In recent weeks, Edwards has been campaigning to good reviews and growing crowds in Iowa and New Hampshire. Polls show him leading in the key early state of South Carolina. Edwards's plan, basically, is to wear well. He will "talk directly to voters," to emphasize the qualities that make him distinct and to offer himself as a "different kind of candidate." He touts his outsider's bona fides: He is not a political lifer. He was elected to his first and only Senate term in 1998, defeating Republican Lauch Faircloth. (Edwards announced recently that he will not run for re-election next year, and that he will focus entirely on his presidential campaign.)
He lacks experience, his critics say, to which Edwards responds that his training comes in non-political realms. As a prominent trial lawyer, he gave legal voice to the voiceless. Other lawyers would flood into court to watch Edwards give closing statements. He could move juries to tears.
Johnny Reid Edwards was born in the mill town of Seneca, S.C. Neither of his parents, Wallace and Bobbie Edwards, attended college. The family settled in Robbins, N.C., when John was in seventh grade as his father took a job in a mill, eventually working his way up to supervisor (only then to be demoted because he lacked a college degree).
Belying a pleasant mien, Edwards is quick, if not to anger, then to revel in his rawer self. He eats like a savage, chews hard, rips off pieces of sandwich with his teeth. His grimaces when he discusses the people he knew growing up, people "that were never given the proper respect."
He squints. "My father used to always say he could tell in 30 seconds if somebody was talking down to him." His grandfather, a boxer, was paralyzed over half of his body in a fight.
"And I'd see people making fun of him. And it had an effect on me."
Edwards is at his most animated when describing how his roughened edges were and are manifest. When he first moved to Robbins, a group of kids from the neighborhood invited him to play football on Sunday afternoons. Edwards's style of play was so chippy and physical that other players didn't even try to tackle him, he says.
Like the fighting metaphor, this works as a tidy symbol for a man who makes tidy presentations of his life's narrative. But to see Edwards up close is to view a decided lack of tidiness -- a raw, emotional edge.
His self-assurance collapses as he recalls a case he tried in the late 1980s. He represented an injured young man who was suing a trucking company and was devastated when the jury ruled for the company. "I had to go tell this young man that he lost," Edwards says. "He had a serious brain injury. He just didn't understand. And he kept asking me over and over again."
Edwards stopped sleeping. He blamed himself.
"He believed in me," Edwards says. "He believed I could do this for him. And he was right. There must have been something I didn't do right."

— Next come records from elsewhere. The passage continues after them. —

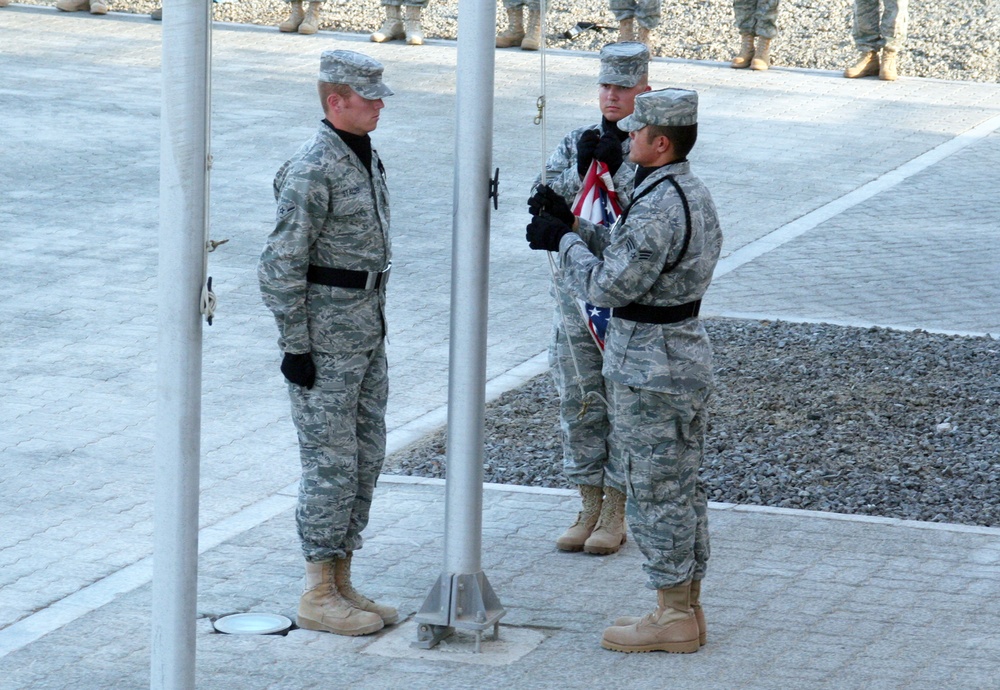 380th Air Expeditionary Wing Staff Airmen Lead Deployed Retreat Ceremony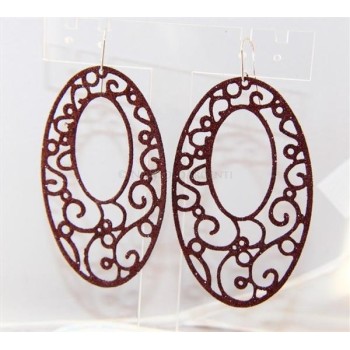 NSA|Argento 925 Italiano : Orecchini ovali taglio laser 8x5 cm trattamento glitter Marrone bruciato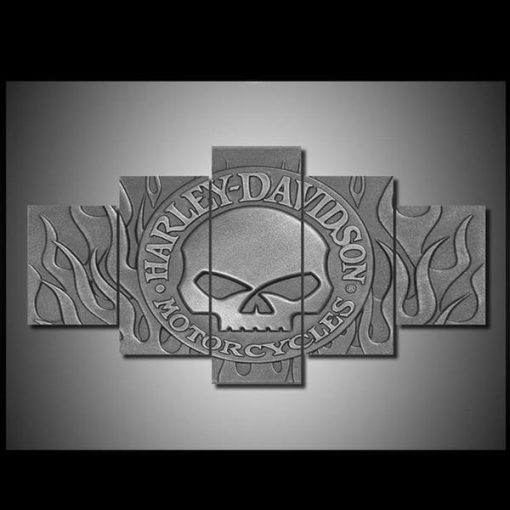 22275-NF Harley-Davidson Motorcycle Willie G Skull Logo With Harley-Davidson Car & Motor - 5 Panel Canvas Art Wall Decor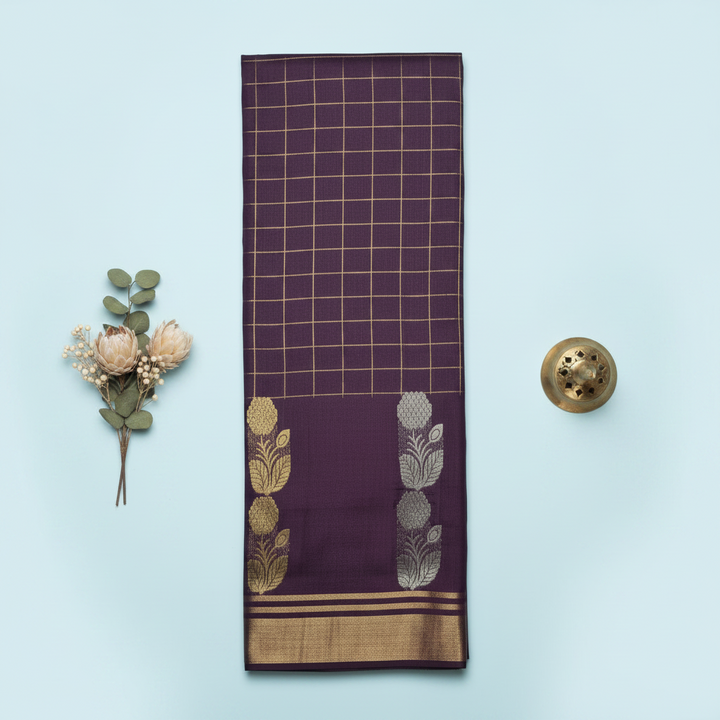 KUBERAN PURPLE TUSSAR SILK SAREE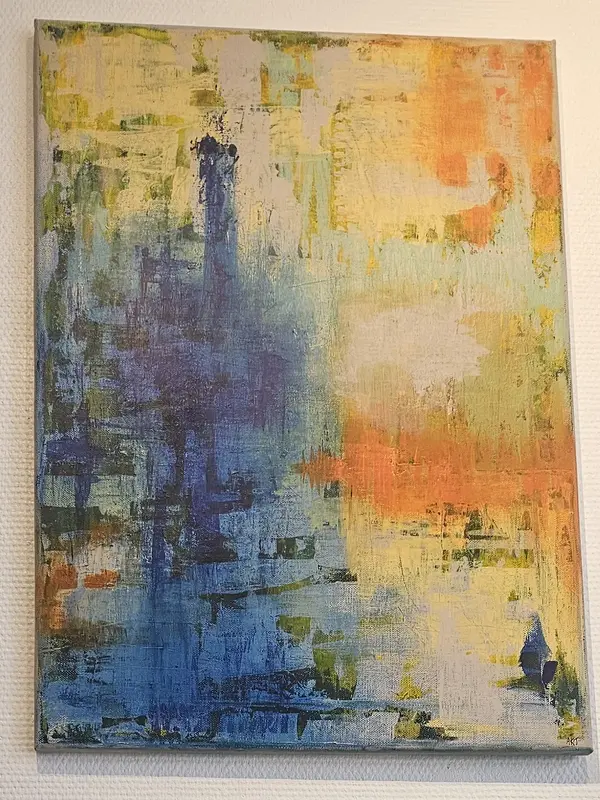 Akrylmålning Fågel blå av Anna-Karin Tano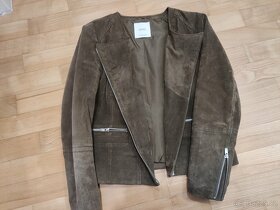 Dámský kožený semišový khaki křivák zn Mango - 8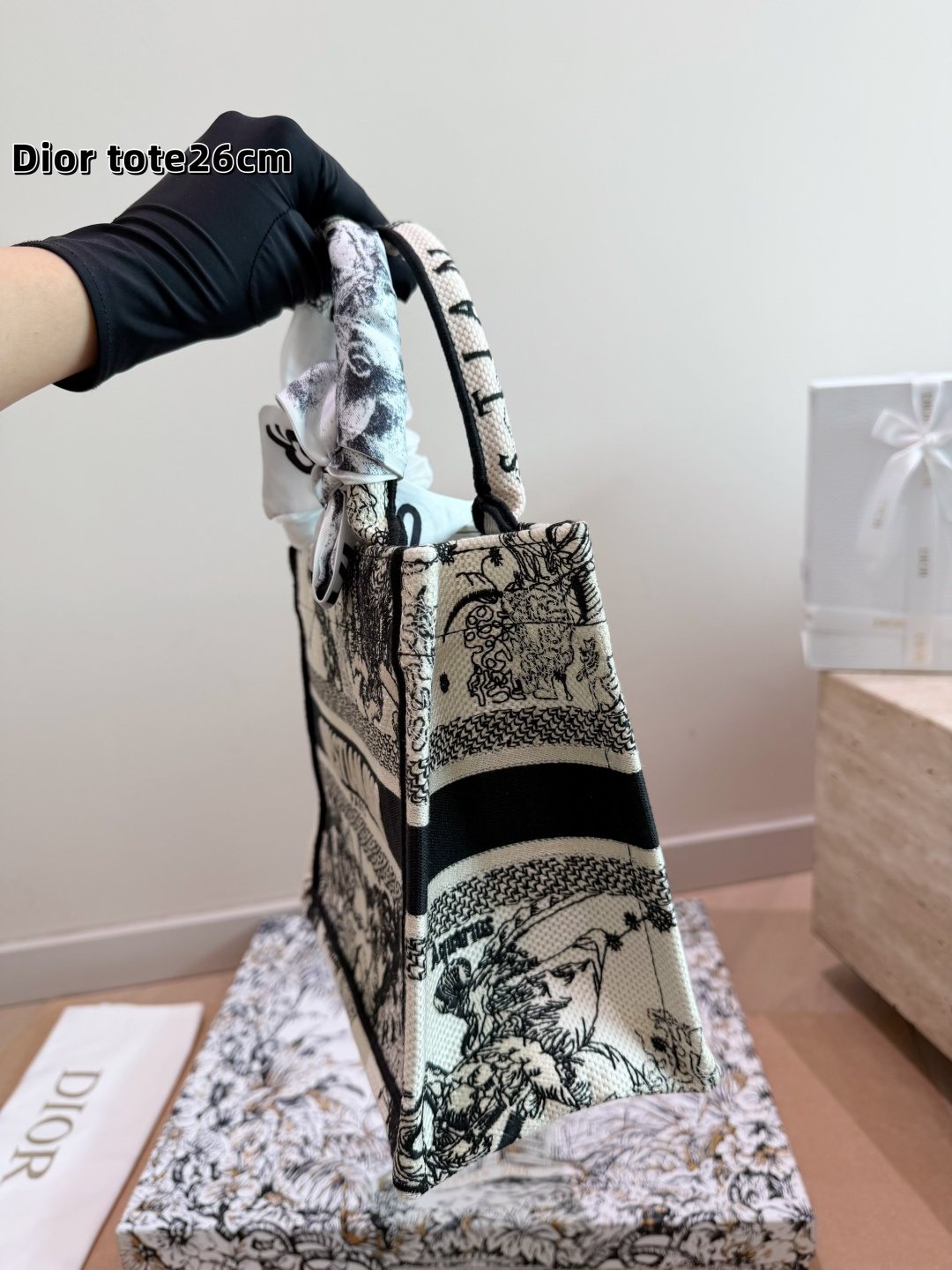 Dior Book Tote Patterned Tote Bag — side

He shakes his head over and over. He appears distracted for several minutes.
Connect Calls
Edwards is a magnet for people's stories. It doesn't matter how rambling or personal their accounts are, or whether they're relevant to the office he is seeking. He just seems to get them. The phenomenon infuses Edwards's campaign stops with a confessional flavor.
A divorced father in Cedar Rapids wants to see more of his children. He asks Edwards whether he's considered some kind of "affirmative action program" that would help fathers. Not really, Edwards says in so many words.

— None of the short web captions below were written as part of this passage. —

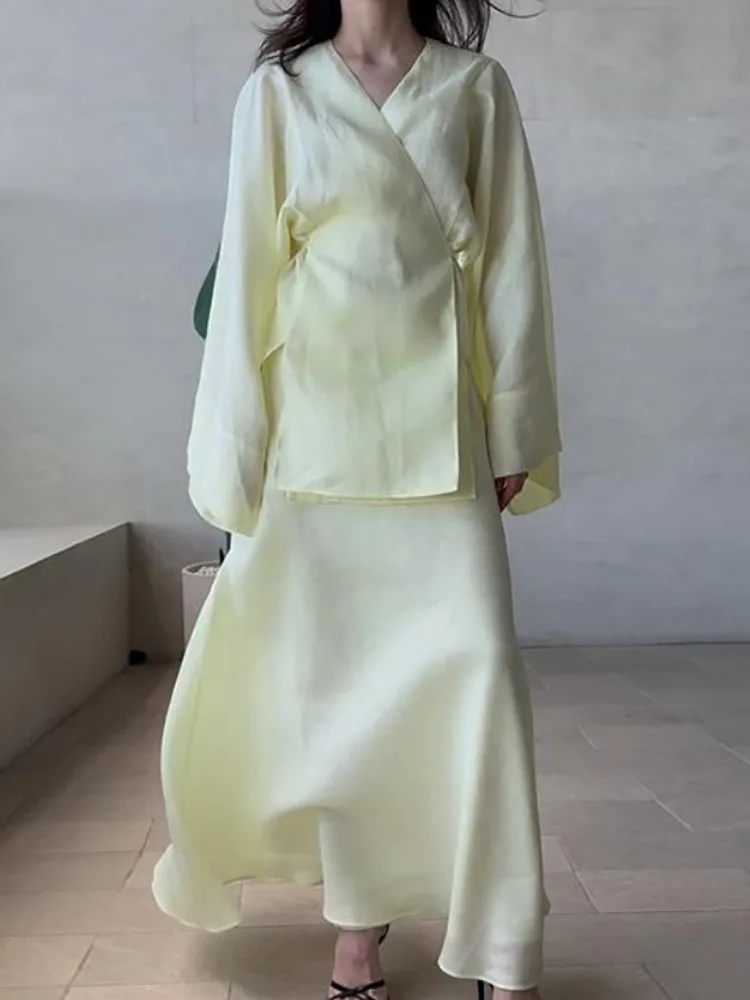 2026 New Fashion Women Casual Long Sleeve Blouse Maxi Skirts Suits 2PCS Matching Sets Elegant Dubai Turkey Set Muslim Dress Sets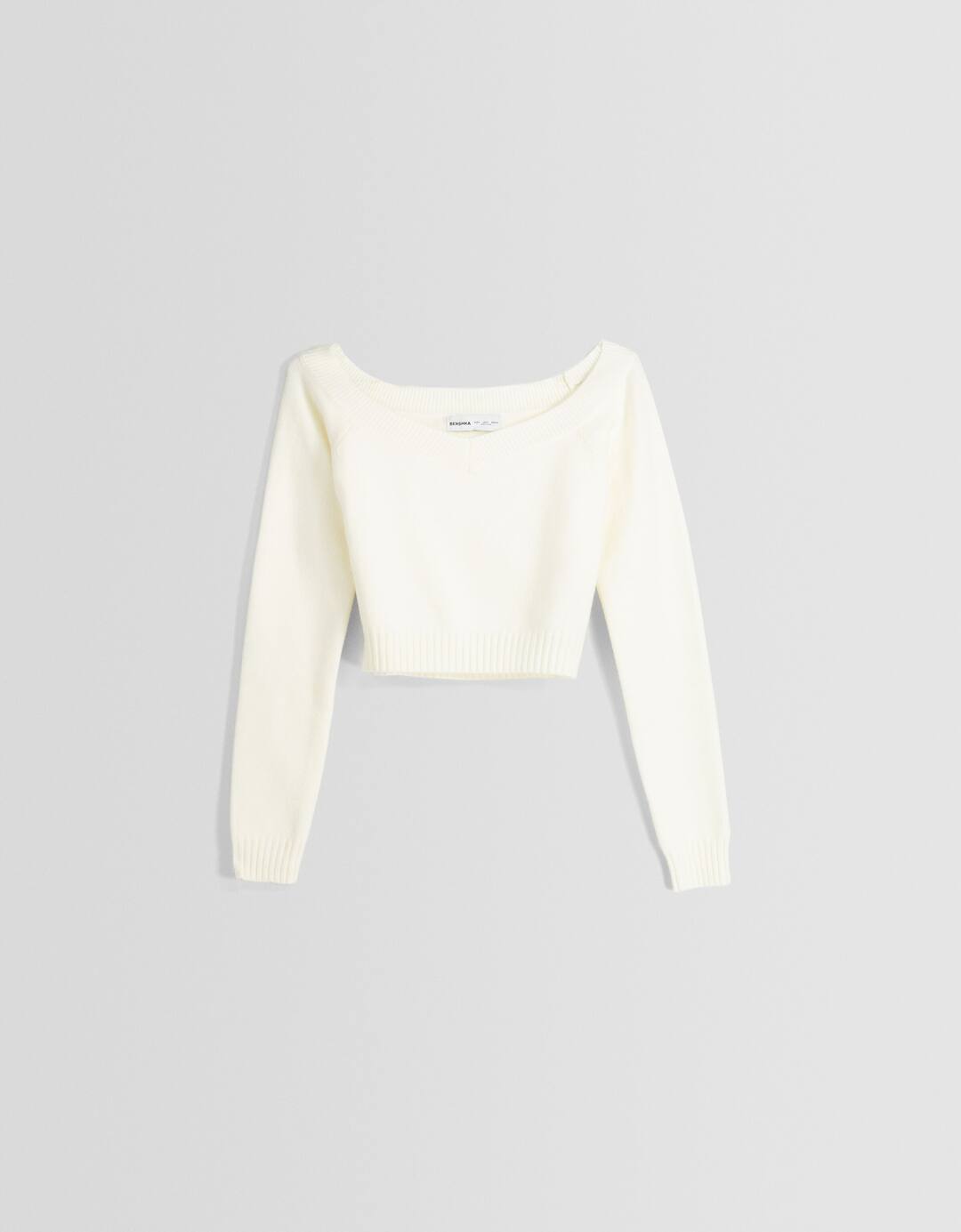 V-neck cropped sweater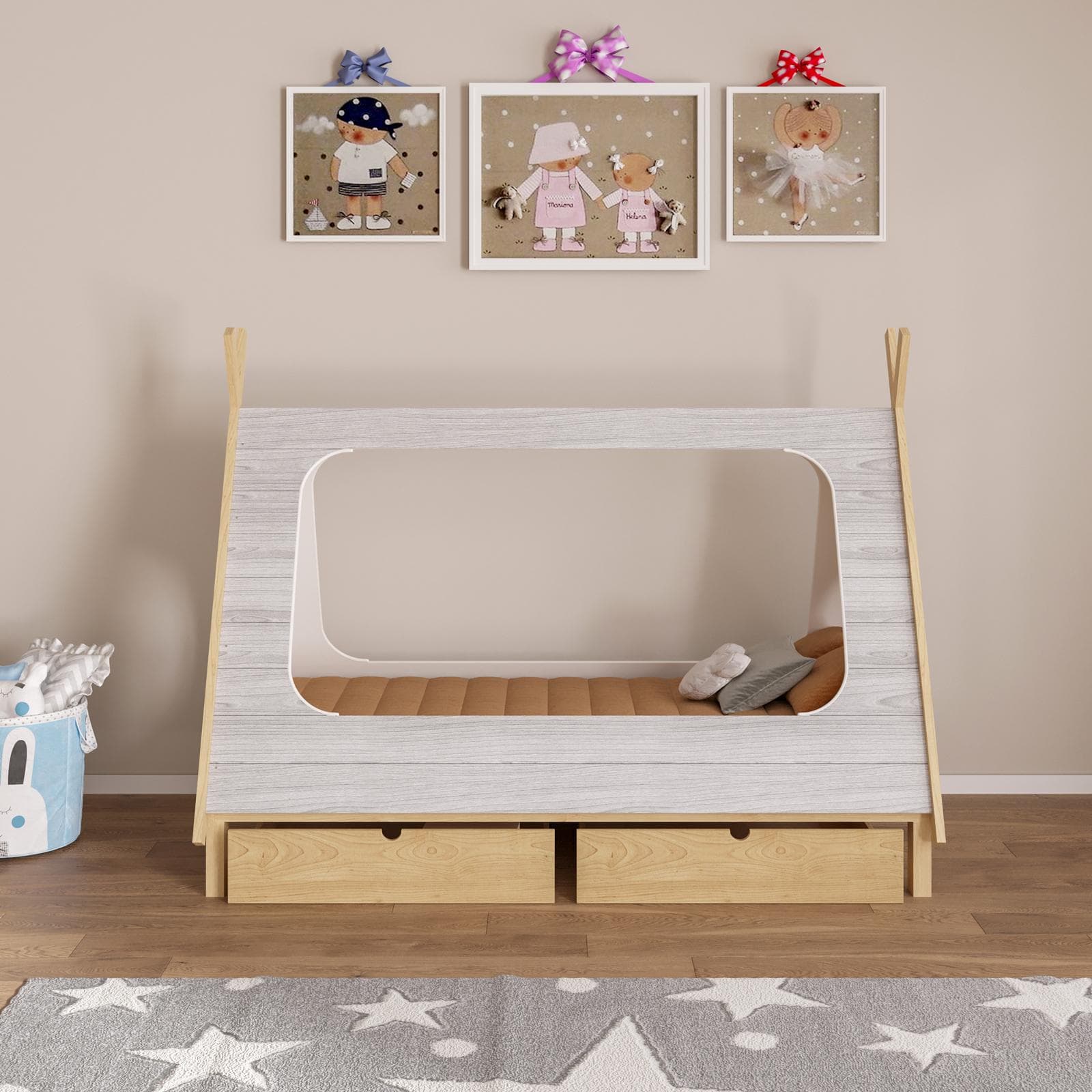 Letto per bambini 90x190 cm in legno bianco e naturale con 2 cassettoni legno naturale - Lollipop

"Be sure you give me your name and phone number so I can get back to you," Edwards says. By "me" and "I," he means that a staff person will get back to the man. Edwards deploys the "me" or "I" pronoun several times a day, in the same way that a waiter might say, "I'm all out of taco salads." The transaction is lent a whiff of intimacy.
At a union hall in Keokuk, a burly man divulges to Edwards -- at great length -- that he has a brain tumor and a year to live. His kids are in Illinois with his ex-wife, to whom he pays $235 a month in child support and who is giving him all kinds of runaround.
But that's another story. The man goes on for several minutes. He wants to know: What can John Edwards do for him?
Nothing, as a practical matter. Edwards is running for president, not caseworker.
But that is beside the point. This is a chance to connect. "Make sure I know how I can reach you," he tells the man, and he moves on to a question about North Korea.
"People want somebody they perceive as a leader in the country to listen to them," Edwards says. "And I think that matters to them."
At a house party in Tipton, a woman tells Edwards that her husband just died and she's struggling to get health insurance. After his brief speech, Edwards will tap her on the shoulder and she will whisper in his ear.
She lost a son in a drowning accident in 1995. He was 19. Edwards's son Wade was 16 when he was killed in a car wreck in 1996.
"It never leaves you, does it?" he says to the woman, Rose Sessler of Wilton. He holds her by the shoulders, and says, "Bless your heart," as he turns to leave.
"He's someone that people will be drawn to once they get to know him," Sessler says.
But can a candidate ever be sufficiently known if not blessed with momentum? The question is the political equivalent of a tree falling in a forest: If Edwards gives a great stump speech and moves people and "feels great energy wherever he goes," does it matter that only a small entourage is recording the transaction?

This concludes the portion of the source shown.